The largest deal of Q1 was Sovereign Housing Association’s lease of 61,000 sq ft at Florence Building, Basingstoke. Elsewhere, other notable lettings included Bottomline Technologies taking 58,000 sq ft at Hive 3, Theale and Starbucks who took 54,000 sq ft in Building 7, Chiswick Park.
At the smaller end of the scale, take-up for office space between 5,000 - 10,000 sq ft remained buoyant, with 153,972 sq ft let in 21 deals in Q1 2019 ,which mirrored Q1 2018. Q1 take-up in the 10,000 - 20,000 sq ft bracket reduced more significantly accounting for 16 per cent versus 25 per cent this time last year.
Emburey believes a contributing factor to the increased demand for larger floorplates in the South East is driven in part by the ever reducing options for larger Grade A buildings that can meet tenant’s evolving occupational needs.
“Tightening supply dynamics in the South East will continue to keep rents strong, although in some locations there has been more pressure on landlord’s to offer greater lease incentives to secure occupiers’’.
Tech & Media occupiers were the most active across the South East in Q1 2019, accounting for 21 per cent (169,555 sq ft) of total take-up. Government and Business Services occupiers were the other most prevalent sectors in Q1 2019, with take-up representing 16 per cent and 12 per cent respectively. Serviced Office occupiers were fourth most active across the South East, representing 11 per cent of take-up.
Lisa Dean, Associate Director, Research & Forecasting, Colliers International, says: “Serviced Office take-up has slowed since the end of 2018, however Q1 2019 take-up is still 4 per cent higher than levels for the same quarter in 2018. Regus and Spaces were the only serviced operators taking space this quarter, although anecdotal evidence indicates that leasing activity in this sector will continue to slow for the rest of this year.”
Occupiers continue to seek the best space available, with 76 per cent of total take-up being in prime locations. Strong Grade A demand was buoyed by 28 deals equating 614,879 sq ft – up 115 per cent on Q1 2018.
On the supply side, levels in the South East continue to be eroded, with vacancy levels now sitting at just 7.8 per cent, compared with 8.6 per cent in Q1 2018.
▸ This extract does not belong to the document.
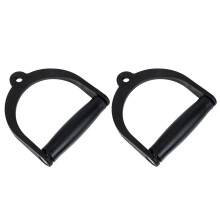 Fitness Cable Attachment Handle for Tricep Rope 2 pcs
“With very few new build office spaces coming through to the market, those occupiers looking for space will need to seriously consider pre-committing to units in speculative development schemes in order to meet their needs,” Dean continues. “The constricted supply means high-quality space is not always readily available, forcing occupiers to plan ahead’’.
Some key centres have already seen strong annual rental increases, such as Bracknell, Stockley Park and Weybridge.
South East office investment
Investment activity in the South East office market saw a significant reduction in Q1 2019.
“With the continued economic and political uncertainty and a lack of any clear decision over the UK’s exit from the EU, this comes as no surprise,” says Rob Cregeen, Director, National Capital Markets. “The quarter witnessed 27 transactions totalling approximately £333 million – a notable decrease compared to Q1 2018, which saw 42 South East office transactions totally £964 million.”
Q1 2019 saw very few openly marketed office assets and limited investor depth given the ‘wait and see’ approach being taken by many. Councils continue to invest with borrowings from the Public Works Loan Board, however this has also slowed as many have now fulfilled their strategy and are preoccupied with upcoming local elections.
Nevertheless, Councils, alongside Propcos, jointly accounted for the greatest number of total transactions in Q1 2019, with 22 per cent, followed by financial institutions (15 per cent), private investors (11 per cent) and owner occupiers (11 per cent).
Cregeen continues: “Notable by their absence are the private equity buyers who are struggling to find assets that can their return criteria in the current market.”